Why you should care
Because you’ll never be sitting in a silent room, staring at your loved ones, stumped for ways to pass the time again.
Pooja Bhatia is an OZY editor and writer. She has written for The Wall Street Journal, The New York Times and the Economist, and was once the mango-eating champion of Port-au-Prince.
The Most Wonderful Time of the Year is nearly over, but even if you’ve had enough togetherness, togetherness has not had enough of you. No cure exists for this state of being, but there are workarounds. Among them: The parlor game, a 19th century invention that allowed people to spend hours and hours with one another in confined spaces without resorting to homicide. There are modern-day equivalents, of course, from the boob tube to the smartphone, but none are as energy efficient and, let’s face it, cozy-feeling, as the parlor game.
There are a few criteria for a good parlor game. They should be pleasant, but not competitive. (A parlor game should not expose comparative IQ, athleticism or attractiveness — which is why games like Scrabble, basketball and Spin the Bottle are not parlor games.) They should allow for interaction, but not meaningful conversation and nothing close to oversharing. And parlor games should be capable of being played in a parlor, which is to say: sitting down, on a couch or easy chair or rug before the fire, and as immobile as possible. Some of our favorites below:
Number of players: Eight or more
Equipment: Deck of playing cards
Several mafia members have infiltrated a town. The townspeople are trying to root them out. At their daily meeting, the citizens try to figure out who belongs to the mafia, and then vote on one person to “kill.” At night, the mafia secretly meet and carry out the murder of a townsperson. Play continues until the mafia have all been killed, or the mafiosi outnumber the townspeople.
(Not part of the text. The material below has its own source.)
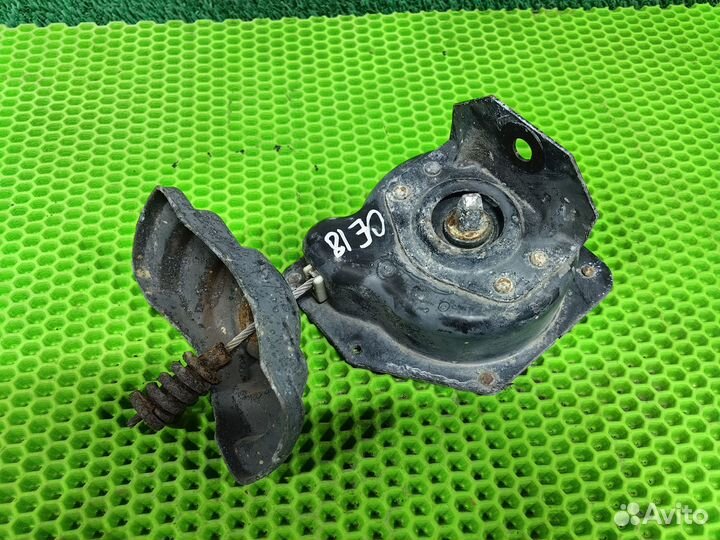 Крепление запаски Cadillac Escalade GMT800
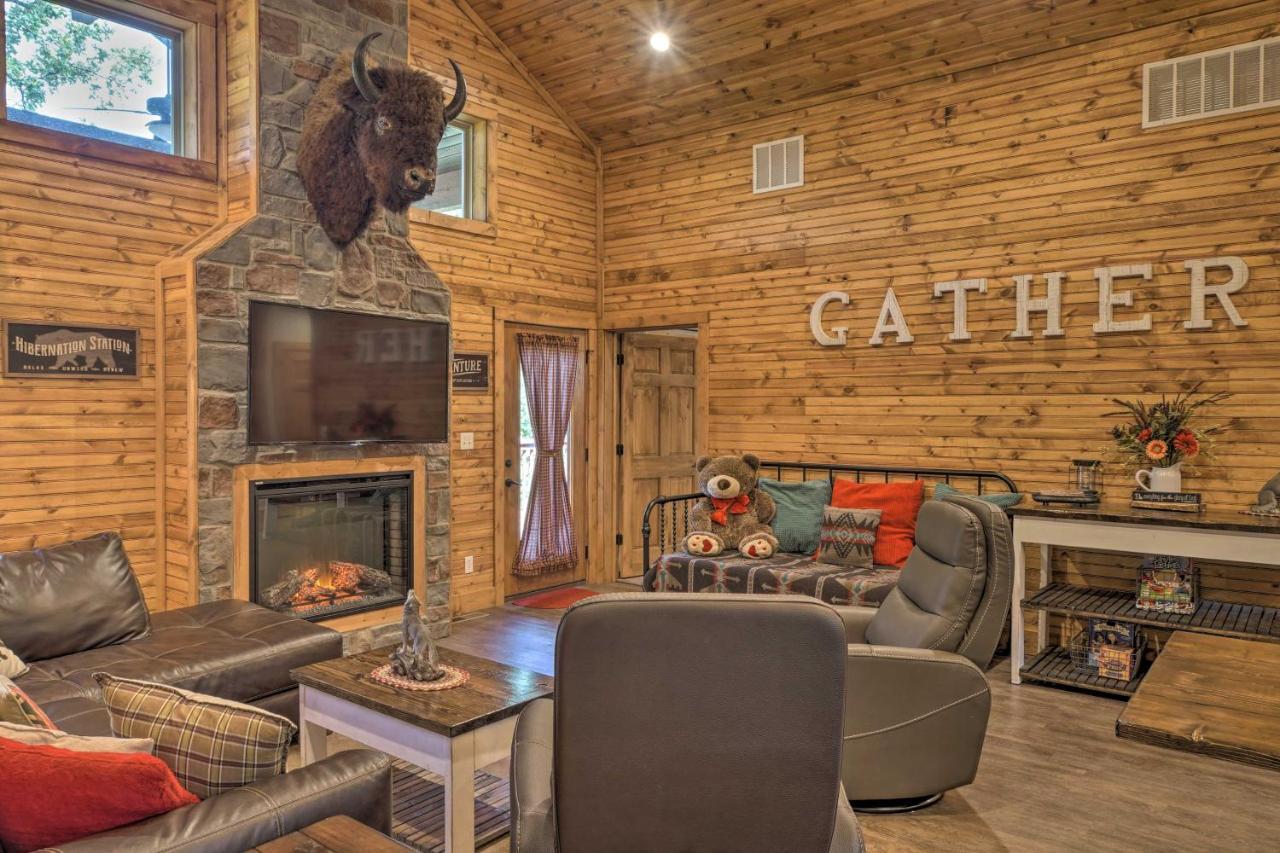 Branson West Cabin With Pool Access And Golfing Eksteriør billede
Mafia is a bit like poker – bluffing and confidence moves are key. And while we quite like it, it has its share of haters: “What’s the use of roleplaying if no one’s getting naked?” complains one of our friends.
Cards Against Humanity
Number of players: At least four
Equipment: Cards Against Humanity set
The shtick: It’s “inappropriate” – a snarky, jaded, adult version of Apples to Apples. For all the adolescent innuendo (something called the Bigger Blacker Box), it’s actually quite fun.
It’s a snarky, jaded, adult version of Apples to Apples.
Each player gets 10 “answer” cards, on which are written nouns (“poor people,” “catapults”) or gerunds (“eating the last known bison,” ”grave robbing”). A card czar plays a “question” card, reading out its question to the group. (Examples: “The class field trip was completely ruined by _________.” “What is a girl’s best friend?”) Players submit the answer card they deem best, and the card czar reads aloud the answers, then chooses the winner.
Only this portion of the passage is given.